- _Work task_
Print exactly the lines that run from the opening line of the material through the line with "Làm sao để tiết", and nothing else, leaving out pictures.

- _Dataset content_
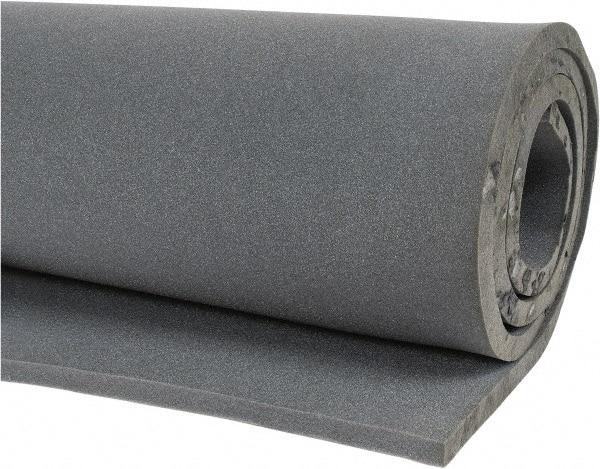 Singer Safety - 10' Long x 54" Wide, Polyester Foam Roll - Gray - Americas Industrial Supply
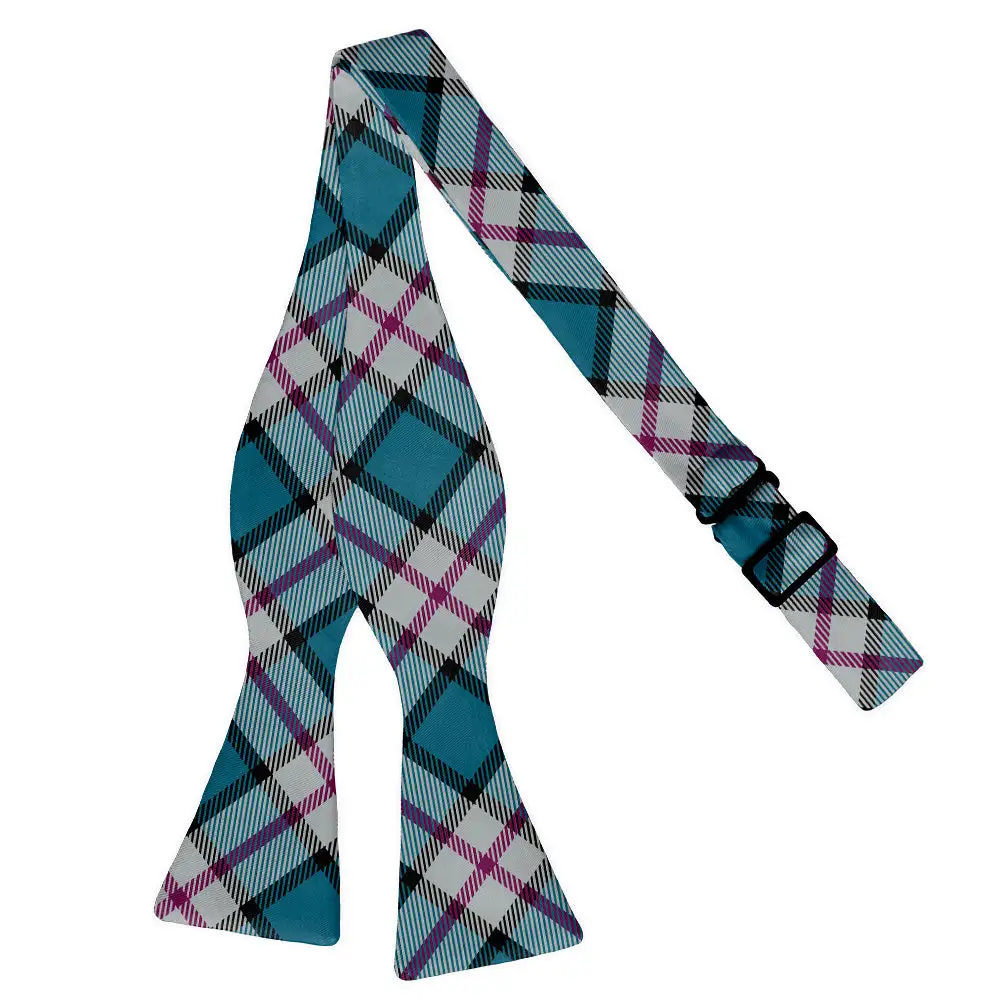 Harrison Plaid Motif Bow Tie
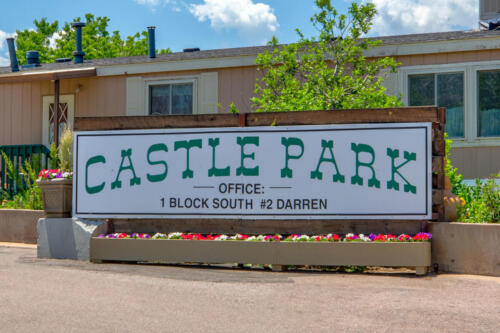 Castle Park Sign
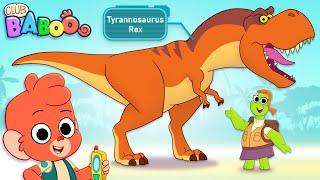 Learn DINOSAURS with Club Baboo DINO FACTS  Learning about the T-Rex and more Dinos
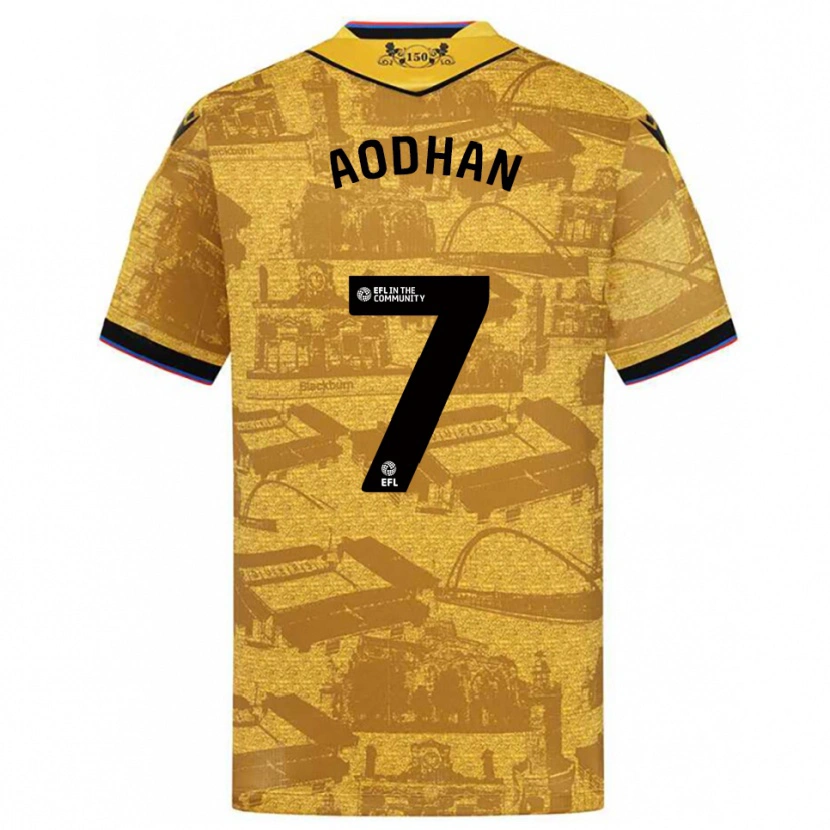 Danxen Men Aodhan Doherty #7 Gold Black Away Jersey 2025/26 T-Shirt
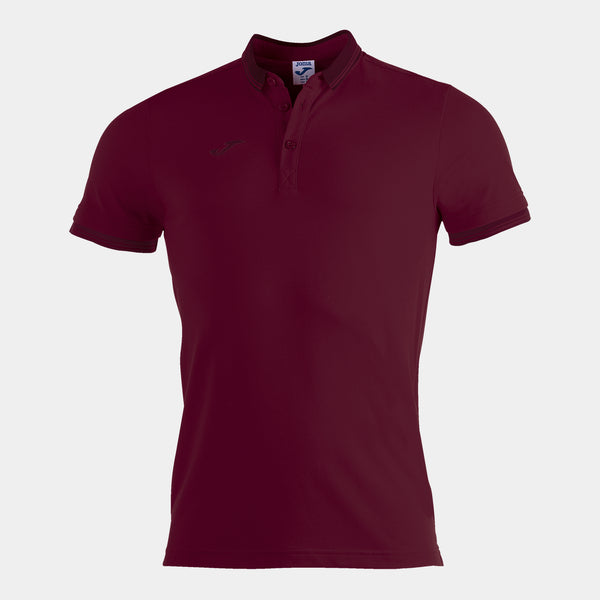 Joma S/s Polo Shirt Bali II (Junior) - Burgundy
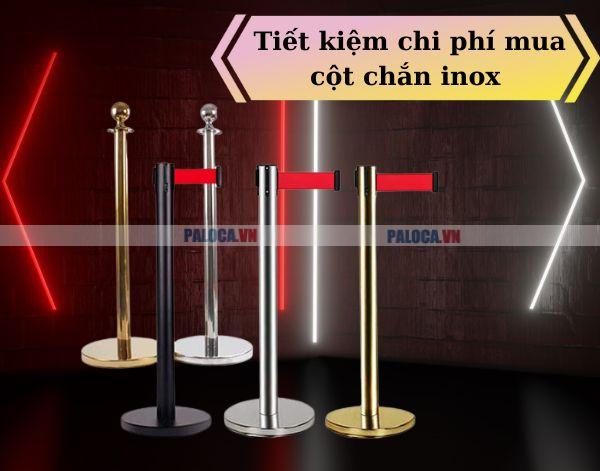 Làm sao để tiết kiệm chi phí khi mua cột chắn inox?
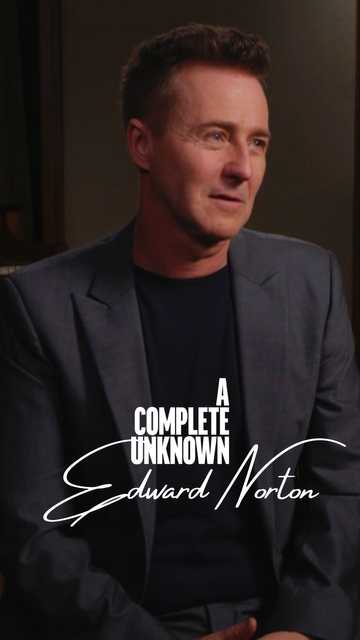 A Complete Unknown - Edward Norton Interview Short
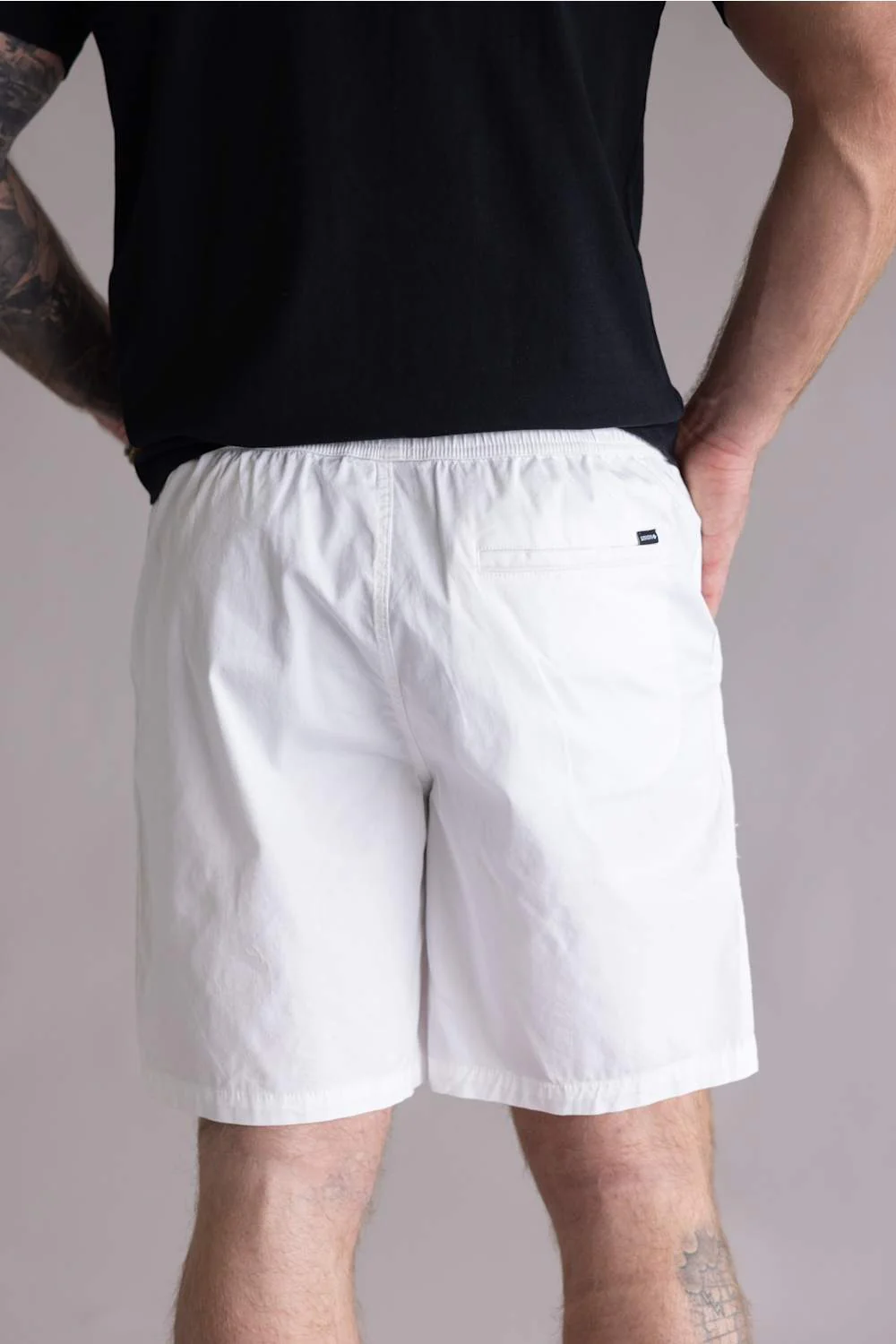 Union Sunsational 8” Shorts for Men in White | H18OUYD-WHITE - Image 3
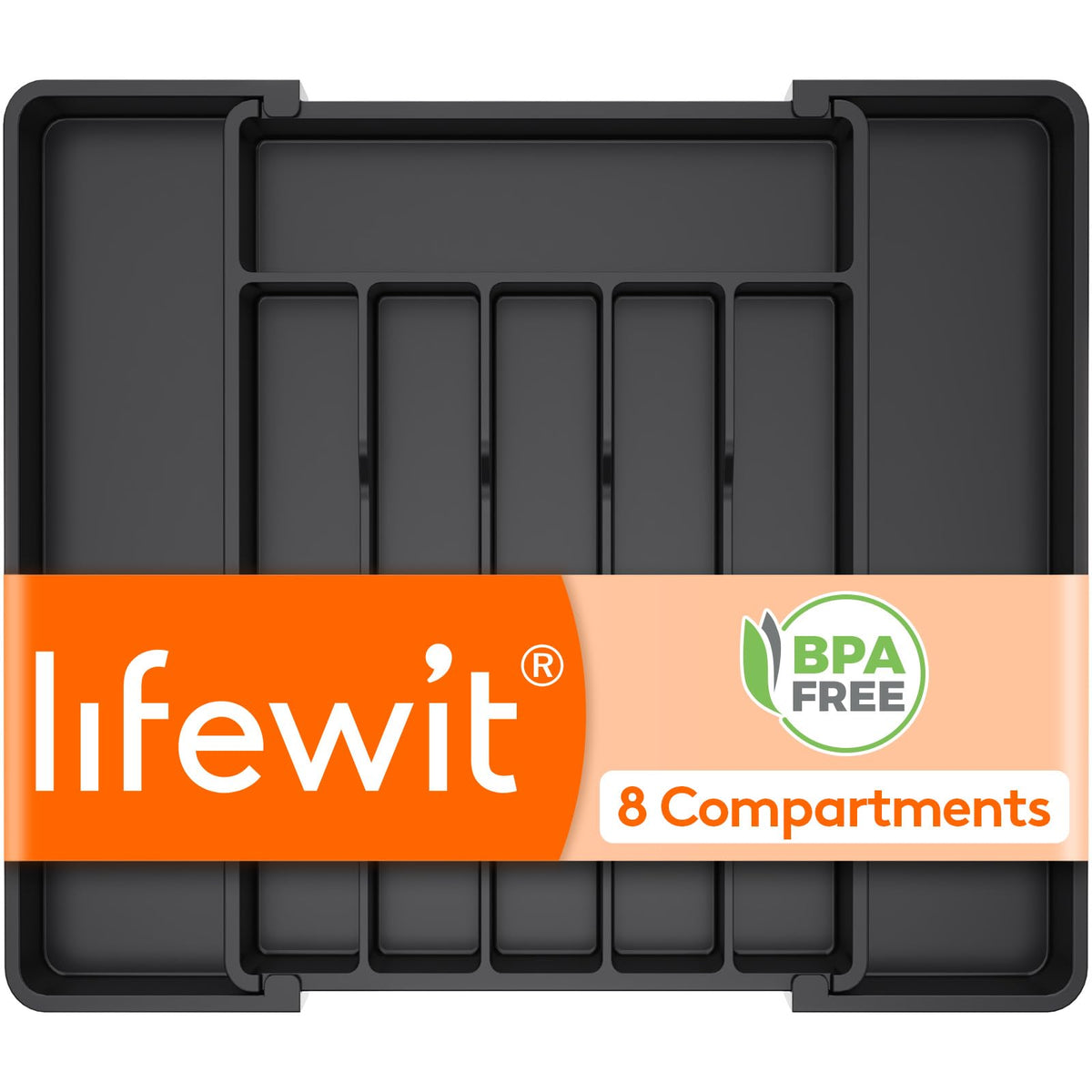 Lifewit Silverware Organizer for Drawer, Expandable Utensil Tray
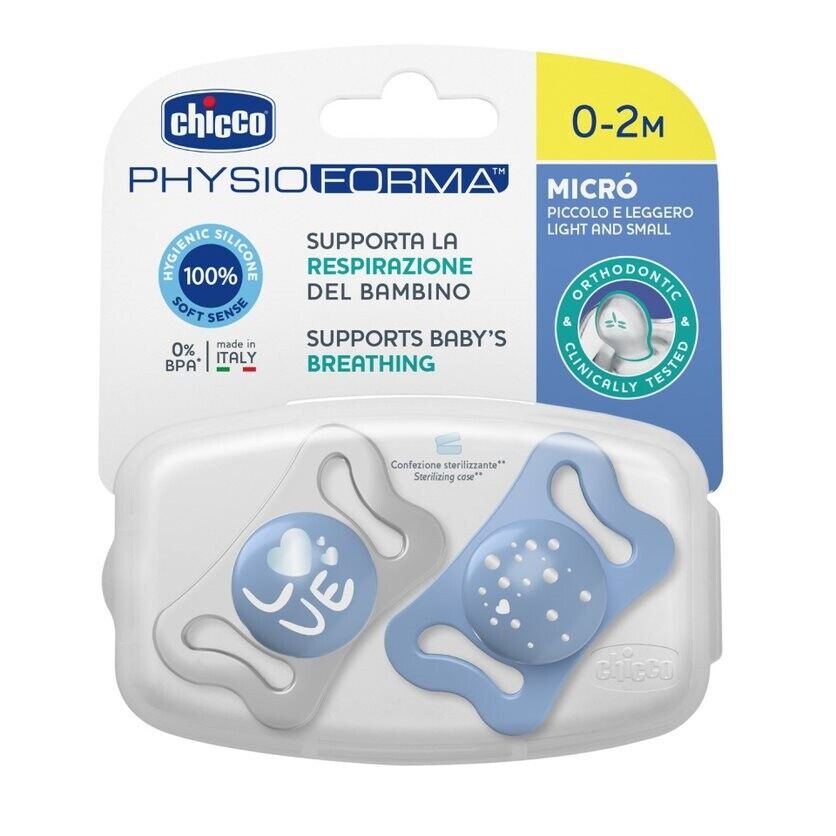 RetailSync:10815 Chicco Soother Physioforma Micro 0/2m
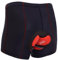 Cycorld Fahrradhose Herren Radunterhose Radlerhose Herren Gepolsterte Elastische Radhose Herren Kurz Atmungsaktive Fahrradunterhose Herren mit Sitzpolster (Rot, M)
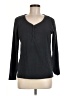Muk Luks Gray Long Sleeve Henley Size M - photo 1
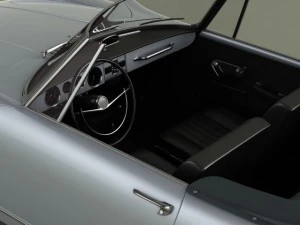 opel kadett frua cabriolet 3D Model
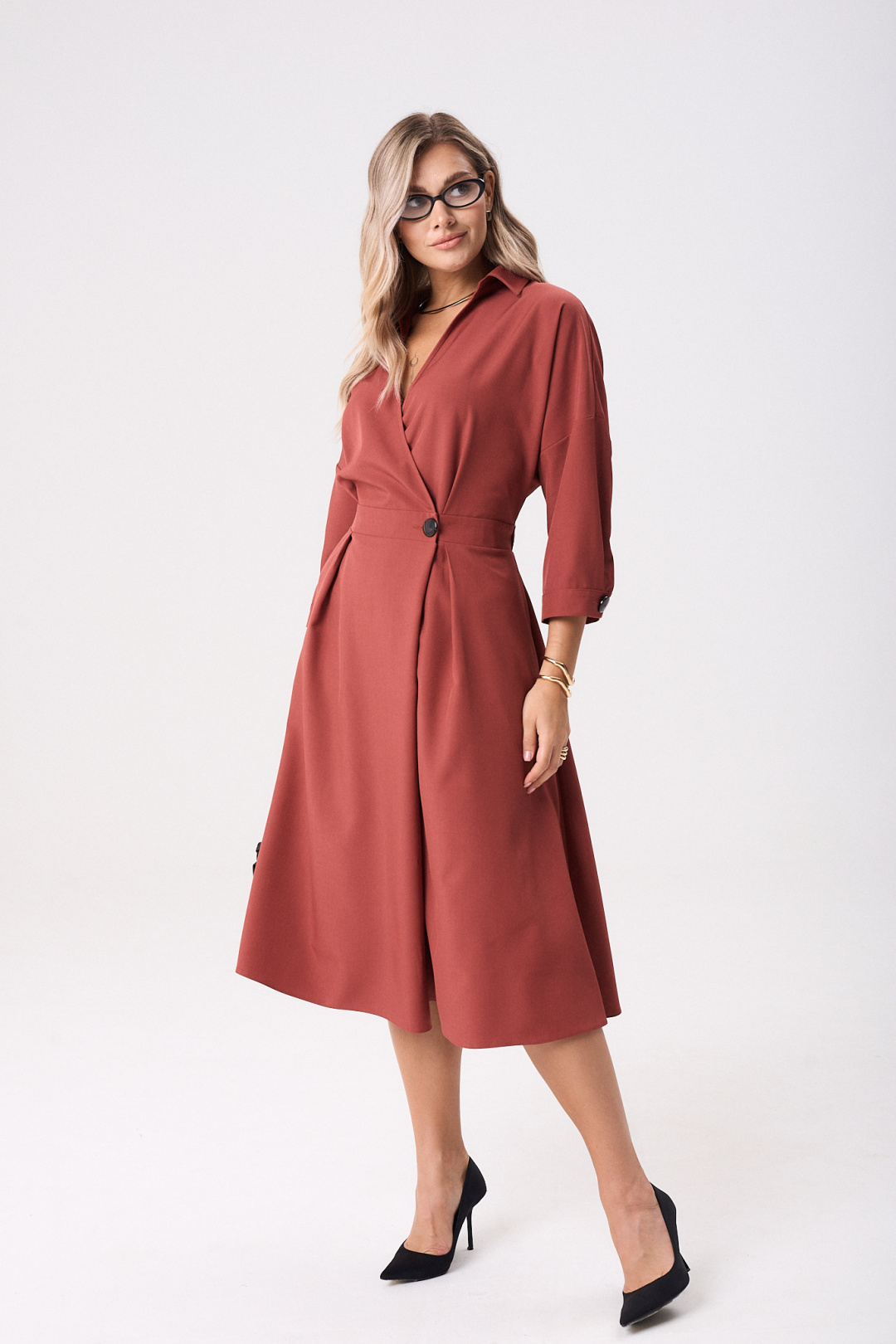 Платье Anastasia 1229-2 клюква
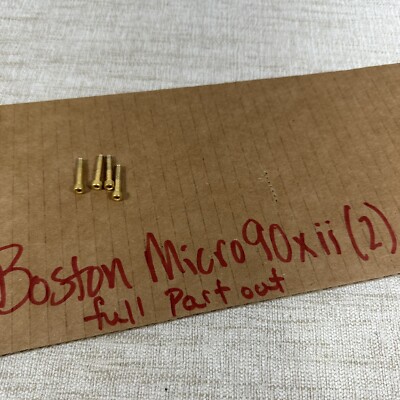 BOSTON ACOUSTICS MICRO 90X II GOLD MOUNTING SCREWS FOR TWEETER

- _Output for this task_
 Singer Safety - 10' Long x 54" Wide, Polyester Foam Roll - Gray - Americas Industrial Supply
 Harrison Plaid Motif Bow Tie
 Castle Park Sign
 Learn DINOSAURS with Club Baboo DINO FACTS  Learning about the T-Rex and more Dinos
 Danxen Men Aodhan Doherty #7 Gold Black Away Jersey 2025/26 T-Shirt
 Joma S/s Polo Shirt Bali II (Junior) - Burgundy
 Làm sao để tiết kiệm chi phí khi mua cột chắn inox?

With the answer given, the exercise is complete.